To our knowledge, it is the first time that metagenome data of a forest tree species (Betula sp.) are reported. In comparison to cultivated plants, few measures have been taken regarding knowledge on viruses present in forest ecosystems. Missing data or unawareness concerning viral incidence in forests may lead to unjustified disease diagnosis and determination of the causal agent. It is not only birch that suffers from viral diseases, as virus-like symptoms are commonly observed in Fraxinus sp. (Central Europe, Switzerland, Germany), in Quercus sp. (Germany, Sweden, Romania), in Ulmus sp. (Germany, Sweden, Gotland), in Acer sp. (Germany), in Populus sp. (Germany, Finland), and in Sorbus sp. (Germany, North and Central Europe) . Based on extended experience on recognising symptomatology of viral causal agents and on monitoring the distribution of viral diseases, it is suggested that viral infections alter plant predisposition and affect the health status of many forest and urban trees.
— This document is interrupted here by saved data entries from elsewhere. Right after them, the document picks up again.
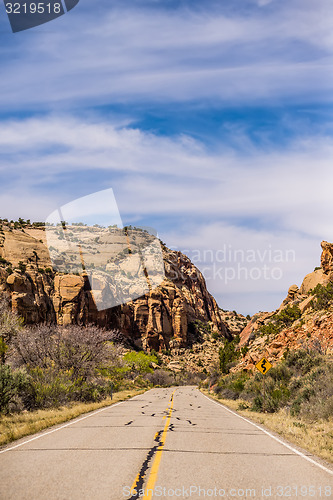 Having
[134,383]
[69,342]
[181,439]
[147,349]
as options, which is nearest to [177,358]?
[147,349]

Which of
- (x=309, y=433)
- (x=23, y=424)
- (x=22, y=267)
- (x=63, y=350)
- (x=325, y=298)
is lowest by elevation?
(x=309, y=433)

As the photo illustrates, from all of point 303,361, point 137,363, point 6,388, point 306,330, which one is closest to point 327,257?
point 306,330

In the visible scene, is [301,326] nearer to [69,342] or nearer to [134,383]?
[69,342]

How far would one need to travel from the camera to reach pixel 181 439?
38.3ft

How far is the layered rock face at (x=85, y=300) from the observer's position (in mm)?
62156

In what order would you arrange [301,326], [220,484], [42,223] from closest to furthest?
[220,484] < [301,326] < [42,223]

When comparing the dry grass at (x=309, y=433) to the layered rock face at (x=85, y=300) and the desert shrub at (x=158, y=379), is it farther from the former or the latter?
the desert shrub at (x=158, y=379)

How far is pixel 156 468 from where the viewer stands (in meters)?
7.73

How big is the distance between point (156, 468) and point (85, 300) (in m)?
67.8

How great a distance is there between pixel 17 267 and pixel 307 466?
62.8 metres

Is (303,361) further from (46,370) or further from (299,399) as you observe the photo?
(46,370)

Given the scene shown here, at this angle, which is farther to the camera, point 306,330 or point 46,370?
point 306,330

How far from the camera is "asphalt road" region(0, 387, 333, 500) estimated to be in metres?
6.26

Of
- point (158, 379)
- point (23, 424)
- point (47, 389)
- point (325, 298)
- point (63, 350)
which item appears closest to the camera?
point (23, 424)
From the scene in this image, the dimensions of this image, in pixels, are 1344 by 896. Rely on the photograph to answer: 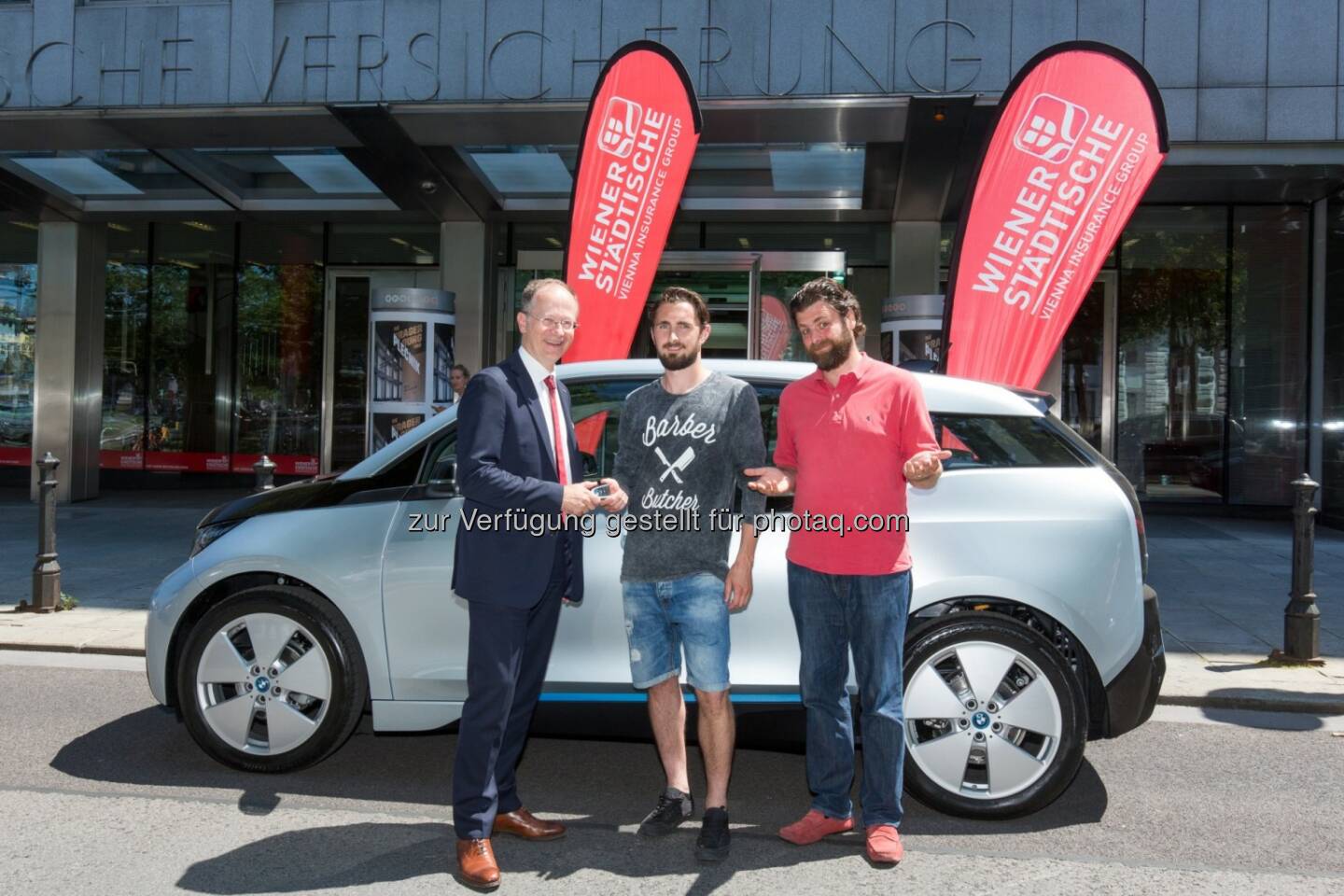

HTS technologies may offer a deeper investigation of the viruses in forest species and supply more knowledge concerning the virome of a forest. Past  and future studies are expected to enlighten the possible modes of virus interaction with abiotic and biotic factors in forest and urban trees.
S1 Fig. Phylogenetic trees reconstructed using the amino acid sequences of the proteins TGB1 (A), TGB2 (B) and TGB3 (C) encoded by the triple gene block and the protein encoded by ORF6 (D) of carlaviruses.
The trees were reconstructed using the Maximum Likelihood method and the statistical significance of branches was evaluated by bootstrap analysis (1,000 replicates). Only bootstrap values above 70% are indicated. The scale bar represents 10% amino acid divergence.
This work is partly accomplished in the frame of the COST Action FA1407-DIVAS (Deep Investigation of Virus Associated Sequences)—‘Application of next-generation sequencing for the study and diagnosis of plant viral diseases in agriculture’. We are grateful to Joseph Cutler for his contribution to the final version of the manuscript. Special thanks to the editors and the anonymous reviewers for their thorough and constructive efforts.